Kozak Financial Group
October 10, 2023Money Education Financial literacy Lifestyle Entrepreneurs Women & wealth Professionals
Exiting a business, the right way
If you are a small business owner, you know that your hard work in building, growing, and optimizing your business has been both difficult and rewarding. Most entrepreneurs spend so much time focused on the growth and optimization stages of their business that there is little time to think about their exit strategy. Every entrepreneur is different, so the right succession plan for you might not be identical to your peers. Typically, you have three options available: shifting management to the next generation, selling the company to an existing business partner or employee, or selling the business to a third party.
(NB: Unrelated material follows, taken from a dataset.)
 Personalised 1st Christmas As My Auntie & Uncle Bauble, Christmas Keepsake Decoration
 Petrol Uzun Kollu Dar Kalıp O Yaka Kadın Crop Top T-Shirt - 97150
If you are in the fortunate position of running a family business with a clear line of succession in place, many of the decisions have already been made. You know who the buyer is, where the business will go from here, and you likely know how much involvement you can expect to have after the sale. What you might not know is how you intend to get your equity out of the company. Some parents would prefer their child gets a loan to buy the company outright, therefore encouraging the child to work hard at paying down their own obligations.
Other families might be more comfortable in a “rent-to-own” type agreement that allows for the child to pay their parent for the company over a specified period. This is essentially a self-financing strategy and should be treated as such. In either case, combining family dynamics with business decisions can be complex. As best as you can, try to separate the money side of this relationship from the family side, so that you can avoid talking about valuations or the fairness of the deal at holiday dinners.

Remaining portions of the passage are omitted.